If the past few months have taught us anything, it surely must be that any involvement of the private sector in essential services means that shareholders pocket the profits and the taxpayer bales them out when corruption, greed or sheer incompetence take them to the brink of destruction.

As essential services (banks, transport, health, communications, and utilities) cannot go bust without taking the whole country with them, no government can allow that to happen. So they have to pour our money in to stop their collapse.

This observation should be enough to discredit all policies of privatisation of public services once and for all.

Enter the unelected and equally discredited Lord Mandelson, who announces the Government’s intention to sell part of Royal Mail to a foreign investor.

On whose yacht was this brilliant plan conceived? The posties in Oxford have been saying for years that Royal Mail was not being modernised but run into the ground to make it unviable before being privatised.

They claimed the closure of the Cowley Mail Centre was part of that plan, as it made no economic or logical sense.

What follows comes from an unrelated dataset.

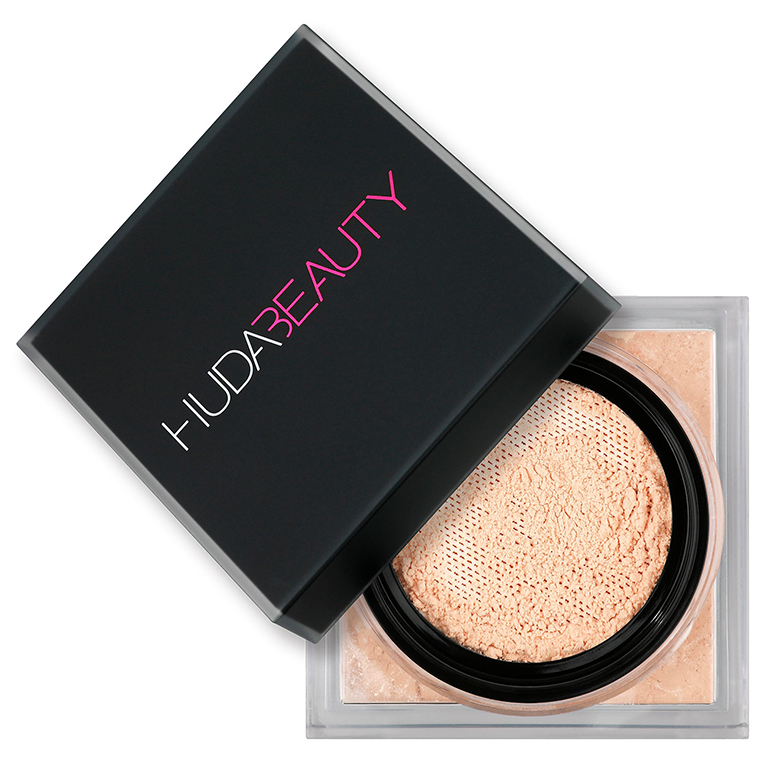 Huda Beauty Pound Cake Easy Bake Loose Baking & Setting Powder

They have sacrificed their salaries with strikes to alert us to the danger, and it looks like they have been proved right in everything they said.

Their jobs and our service are inextricably linked, and the Labour Party seems set to sell out both.

I was present when, in September 2007, Andrew Smith MP declared he opposed the privatisation of Royal Mail.

And, on these pages, he vowed to fight to stop the Mail Centre’s proposed closure.

What are you going to do this time, Mr Smith?